Chaque jour de maintien du contenu peut aggraver le préjudice moral et justifier des dommages majorés.

7. Jurisprudence 2026 : premières applications de Costerà

Les tribunaux français ont déjà intégré la jurisprudence Costerà. Voici deux décisions marquantes :

  • TGI Lyon, 10 février 2026 : condamnation d’un blogueur à 4 mois de prison avec sursis pour avoir refusé de supprimer un article contenant des données personnelles d’un enseignant. La CJUE Costerà a été directement invoquée.
  • Cour d’appel de Paris, 28 février 2026 : Google condamné à déréférencer 15 URL sous 72h, sous peine de 1 000 € par jour de retard. La décision précise que le droit à l’oubli prime sur la liberté d’information en cas de données inexactes ou obsolètes.
Ces décisions montrent que les juges n’hésitent plus à prononcer des sanctions pénales. N’attendez pas que le harcèlement s’aggrave.

8. Perspectives et obligations des entreprises

Les entreprises qui gèrent des données personnelles doivent mettre en place un processus interne de traitement des demandes de déréférencement.

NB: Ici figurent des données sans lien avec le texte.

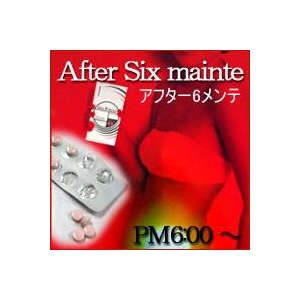 アフター6メンテ
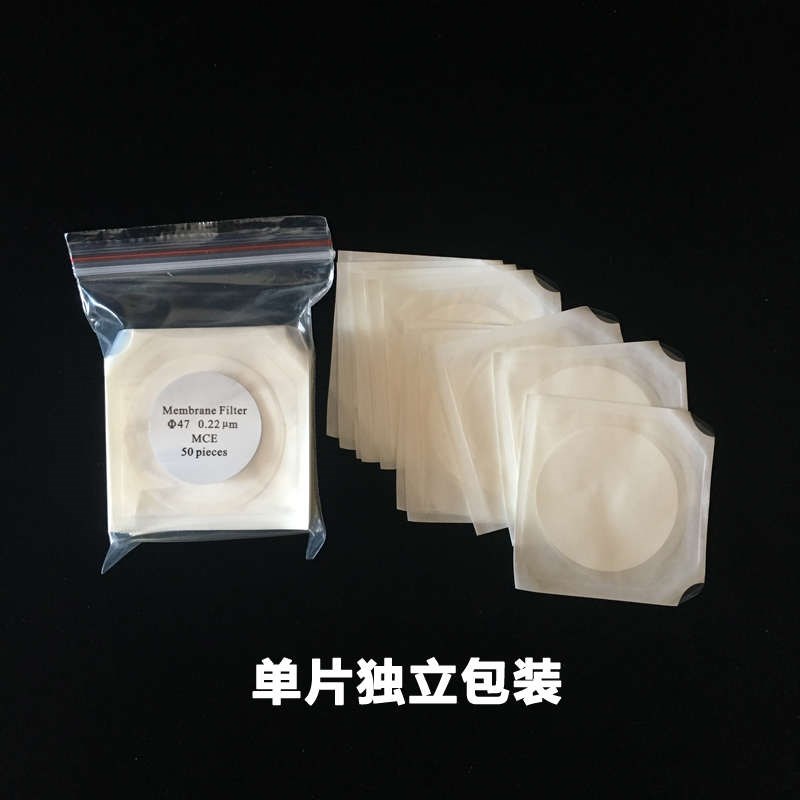 津腾50mm无菌微孔滤膜有机 水系0.22um0.45Pum灭菌单片独立包装膜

En 2026, le défaut de conformité peut engager la responsabilité pénale du directeur juridique. Les DPO doivent être formés à la jurisprudence Costerà.

Par ailleurs, la CNIL peut prononcer des sanctions administratives (jusqu’à 4 % du chiffre d’affaires), mais les sanctions pénales sont désormais privilégiées en cas de récidive ou de mauvaise foi caractérisée.

📜 Textes applicables (droit français et européen)

  • RGPD – art. 17 (droit à l’effacement) et considérant 66 (déréférencement)
  • Code pénal – art. 222-33-2-2 (cyberharcèlement), 226-22 (divulgation), 226-22-1 (non‑exécution d’une décision de justice), 226-22-3 (entrave au droit à l’oubli, Loi 2025-123)
  • Loi n°2025-123 du 15 mars 2025 – renforcement du droit à l’oubli numérique et sanctions pénales
  • Arrêt CJUE Costerà (C‑789/24) – droit à l’oubli étendu, obligation de déréférencement sous 7 jours
  • Directive 2019/790 – responsabilité des plateformes (art. 17)

✅ À retenir absolument

  • L’arrêt CJUE Costerà (2026) renforce le droit à l’oubli numérique : toute donnée obsolète ou préjudiciable doit être déréférencée rapidement.
  • Le non‑respect expose à des sanctions pénales : jusqu’à 3 ans de prison et 75 000 € d’amende.
  • Les victimes de cyberharcèlement peuvent cumuler plainte pénale et référé civil.
  • La notification formelle est cruciale : LRAR ou email tracé avec référence à l’arrêt Costerà.
  • Faites-vous assister par un avocat expert pour maximiser vos chances et obtenir des dommages-intérêts.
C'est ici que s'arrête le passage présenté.